Aviation News

2017-06-06

ATC Reform: The President’s Push for the Privatization of Air Traffic Control

Yesterday it was announced that the President’s 2018 Budget includes plans to privatize Air Traffic Control in an effort to meet the increasing costs and pressures facing the air travel industry and the Federal Aviation Administration (FAA) head on. He intends this reform to be non-profit and non-governmental, in hopes that the organization can respond more organically and efficiently to the ever-evolving demand for air travel and air space usage.

Privatized air traffic management is not a new idea. According to the official White House presser, “Sixty countries have successfully “spun-off” their day-to-day air traffic management responsibilities from government agencies to corporations.
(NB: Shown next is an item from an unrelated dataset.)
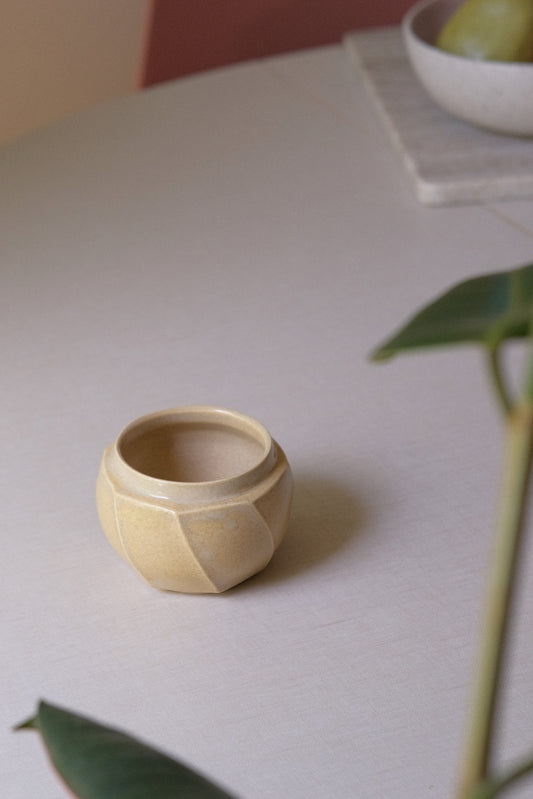 Small Twist Vessel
For example, Canada successfully privatized its air traffic management functions more than 20 years ago and has realized numerous benefits. The non-profit NAV Canada corporation the world’s second-largest air navigation service provider, has improved safety, retained the same rates for customer charges over the past 17 years, rebuilt infrastructure, and developed cutting-edge air traffic technology.”
At the foundation of this 2018 plan for reform, is the 2016 AIRR Act (Aviation Innovation, Reform and Reauthorization Act of 2016) which was commenced by Transportation Committee chairman Bill Schuster. The Trump administration views the Shuster-authored Act as a great launching point, because:
“The AIRR Act advances several critical concepts that any final piece of legislation should include:
1. A non-profit, independent corporation is the best model to deliver air traffic services in a safe, efficient, and innovative manner.
2. A board of directors that represents all users of the National Airspace System will better align air traffic services to customer demands.
3. A fee structure that allows aviation users to pay the cost of the services to the air navigation service provider is a more efficient funding model than the current mix of excise taxes.”
Ultimately, the privatized model is intended to meet the demand air travel of the modern era, compared to the current governmental model which was established according to Trump as quoted by Fox News, “when the country had about 100,000 annual airline passengers, compared to nearly 1 billion today.’

(Image by NYCAviation Senior Editor Ben Granucci)



About the Author

Stephanie Gehman





 
 

 
Northern Pacific Boeing 757 with black and white livery on fuselage and tail, aurora borealis inspired splash of color on winglets, and similarly colored N on the tail.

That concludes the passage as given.